Mevki mevki gidecek olursak;


Kale



Muslera çok iyi bir kaleci. Bu yadsınamaz bir gerçek. Takıma katılışı ile kanayan bir yara olan kaleci sorununa ilaç oldu. İlk geldiğinde adaptasyon sorunu yaşadı. Bazı kötü maçlar çıkardı ama bu süreç kısa sürdü ve sonrasında Galatasaray kalesini uzun bir aradan sonra gerçek bir kalecinin koruduğunu hissetti herkes. Rekorla biten bir sezon sonrası bu sezon inişli çıkışlı bir grafik sergilediğini söyleyebiliriz. İlk akla gelenler Manchester United deplasmanında kurtardığı penaltı ve Eskişehirspor maçında yenilen goldeki refleksleri ve çabası. Muslera çok daha iyi performans sergileyebilecek bir kaleci ve özellikle Şampiyonlar Ligi'nde başarı için sergilemeli.


Defans



Geçen sezon çoğu kişinin adını bile bilmediği, beklenmedik bir anda ortaya çıkan, çıkarılan Semih ile De Bour etkisi beklenilen Ujfalusi'nin mükemmel uyumu ve iyi performansı, Eboue'nin kalitesini göstermesi ile Hakan Balta'nın nispeten iyi performansı ile sağlam bir defansif hat söz konusuydu. Gaziantepspor'dan transfer edilen Dany, Ujfalusi'nin sakatlığı ile beklenenden önce forma şansı buldu. Ujfalusi'nin bir stoperden çok daha fazlası olduğu sakatlanınca anlaşıldı. Defans hattını toparlayan, Semih'in performansının yükseltenin o olduğu, lider olduğu çok net bir biçimde ortaya çıktı. Sadece bu sene değil, 2-3 senedir çok net problem olan sol bek konusunda transfer yapılamaması ve Hakan Balta'nın kötü performansı geçen seneki gibi devşirme şekilde geçici olarak çözülmek isteniyor.

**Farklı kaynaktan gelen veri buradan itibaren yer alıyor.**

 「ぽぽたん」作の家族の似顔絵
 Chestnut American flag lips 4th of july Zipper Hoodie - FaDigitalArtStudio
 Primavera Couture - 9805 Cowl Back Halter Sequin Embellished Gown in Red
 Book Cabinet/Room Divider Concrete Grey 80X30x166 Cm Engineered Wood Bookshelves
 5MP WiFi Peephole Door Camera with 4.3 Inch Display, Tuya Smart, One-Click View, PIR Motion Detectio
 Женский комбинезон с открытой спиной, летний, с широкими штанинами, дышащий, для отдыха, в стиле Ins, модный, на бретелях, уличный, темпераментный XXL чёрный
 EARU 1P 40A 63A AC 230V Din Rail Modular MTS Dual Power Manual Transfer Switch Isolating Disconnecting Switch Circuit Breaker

Takımda istenmeyen, gönderilmesi beklenen Riera sol bekteki performansı ile bir anda göz bebeği oldu. Futbol zekası ve tecrübesi üst düzey olduğu için kısa sürede uyum sağladı ve iyi iş çıkardı. Kanattan devşirme olduğu içinde bindirmeleri ve ortaları ile de tehlike yaratıyor. Ters kademeye dahi giriyor artık. Ama bu gerçek bir sol bek transferine ihtiyaç olduğu gerçeğini değiştirmiyor. 

Eboue kesinlikle geçen seneki Eboue değil. Çok düz oynuyor. Bindirmeleri, adam geçmeleri bazı maçlarda hiç yok. İyi bir Sabri çok rahat keser bu Eboue'yi. Hayal kırıklığı yaşattı ilk devre itibari ile. Dany'e gelecek olursak, henüz şahsen çözebilmiş değilim. Bir bakıyorsunuz harika müdahaleler, zamanlaması iyi kademeler ve markajlar, bir bakıyorsunuz inanılmaz saçma pas hataları ve adam kaçırmalar. Tam anlamı ile güven verebilmiş değil. Bunda yeni bir takım, yeni bir savunma hattının etkisi de var tabii ki. Ama potansiyeli çok yüksek ve seri bir oyuncu. Semih bazı maçlarda Ujfalusi'yi çok aradı ama Ujfalusi her zaman onun yanında olmayacak. Sadece Galatasaray'a değil, Türkiye Milli Takımı'na da uzun yıllar hizmet edecek inşallah. Küçük yaşta Şampiyonlar Ligi tecrübesi yaşaması çok güzel.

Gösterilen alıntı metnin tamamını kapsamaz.